# YOUR ASSIGNMENT
Omit the pictures, then reproduce every remaining record exactly.

______

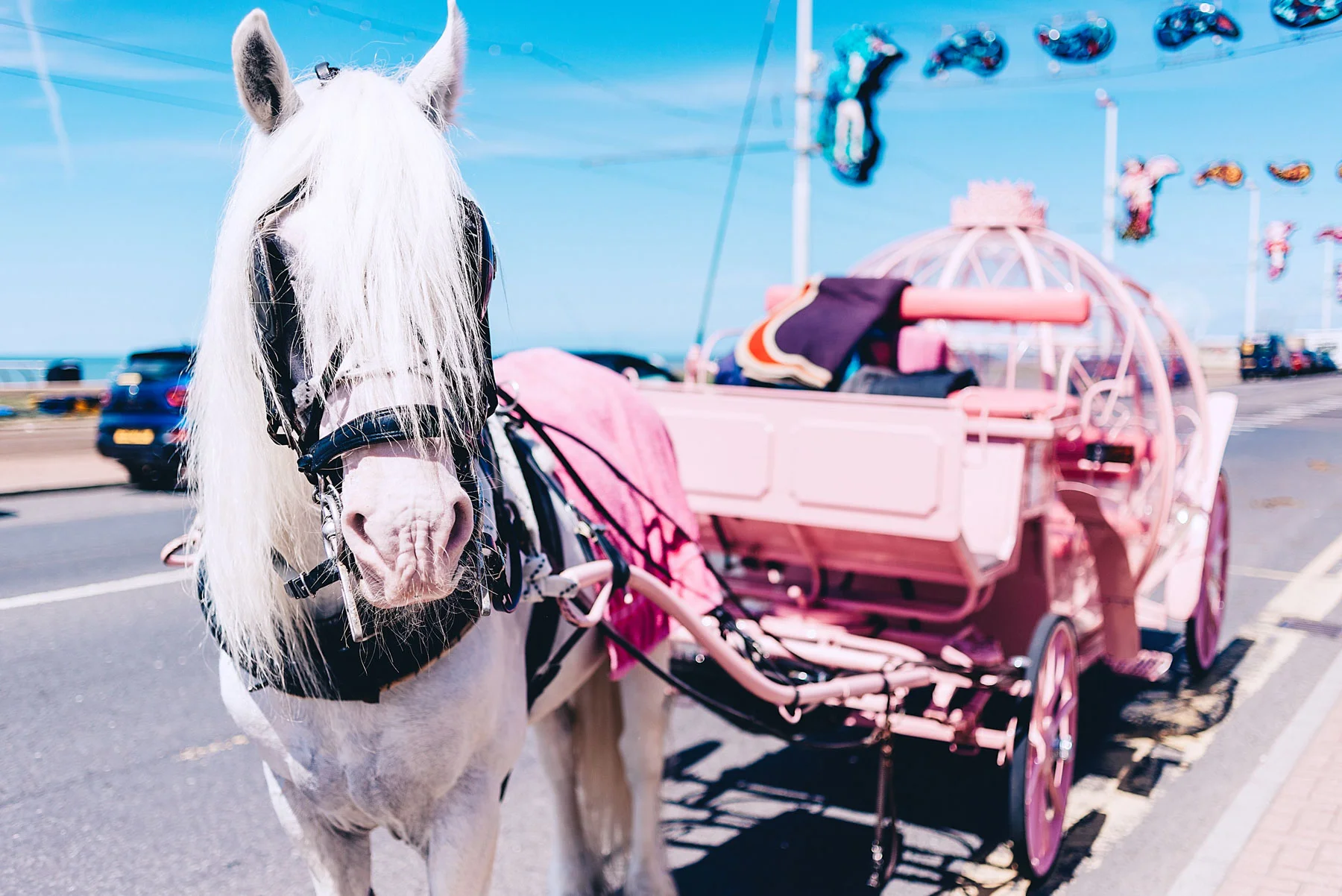 Horse and cart waiting for wedding party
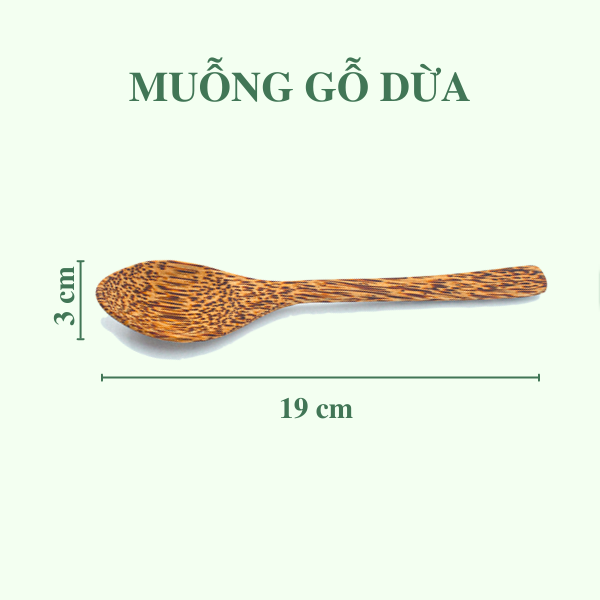 Muỗng gỗ dừa - Coconut Wooden Spoon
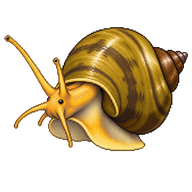 Spike-topped applesnail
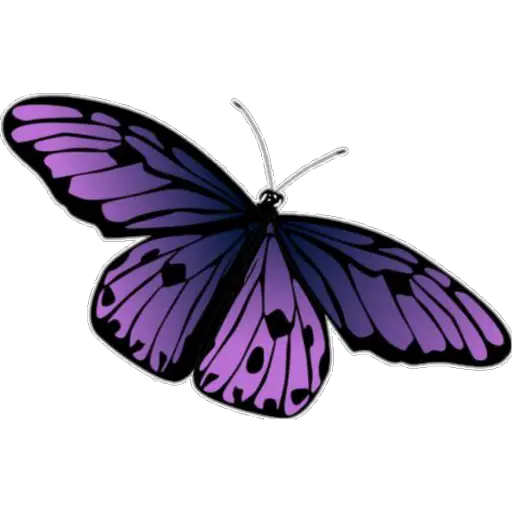 🦋MARIPOSAS BONITAS🦋 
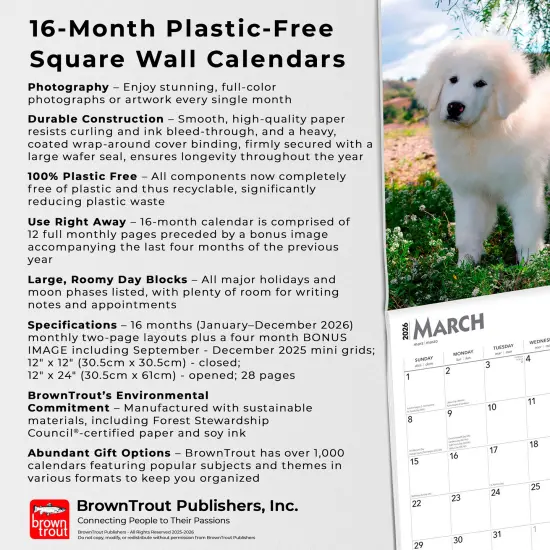 Great Pyrenees | 2026 12 x 24 Inch (Hanging) Monthly Square Wall Calendar | Plastic-Free {6}
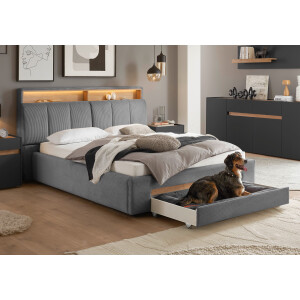 INOSIGN Gestoffeerd bed CiTY/GiRON,, gepolsterd opbergbed, met LED-verlichting Bedkisten met hondenbed of als opbergruimte, opklapbare hoofdeinden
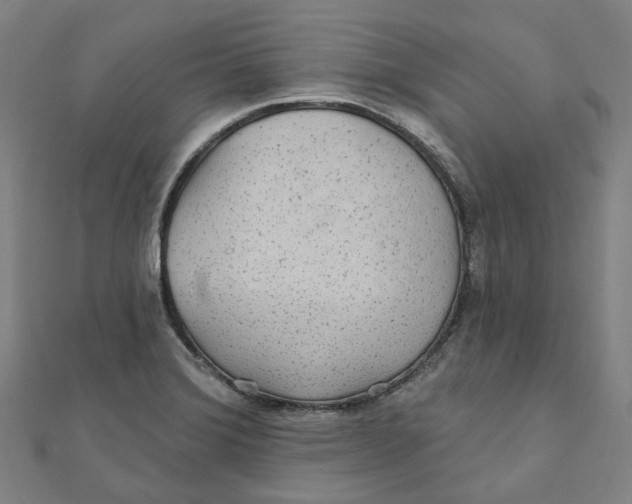 X0000111421372200908101047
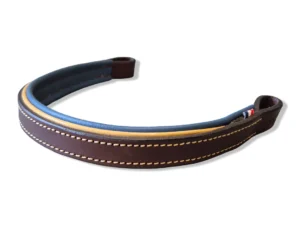 frontal-cheval-cuir-bleu Un frontal pour bridon en cuir pour cheval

______

# ANSWER BOX
 Horse and cart waiting for wedding party
 Muỗng gỗ dừa - Coconut Wooden Spoon
 Spike-topped applesnail
 🦋MARIPOSAS BONITAS🦋 
 Great Pyrenees | 2026 12 x 24 Inch (Hanging) Monthly Square Wall Calendar | Plastic-Free {6}
 INOSIGN Gestoffeerd bed CiTY/GiRON,, gepolsterd opbergbed, met LED-verlichting Bedkisten met hondenbed of als opbergruimte, opklapbare hoofdeinden
 X0000111421372200908101047
 frontal-cheval-cuir-bleu Un frontal pour bridon en cuir pour cheval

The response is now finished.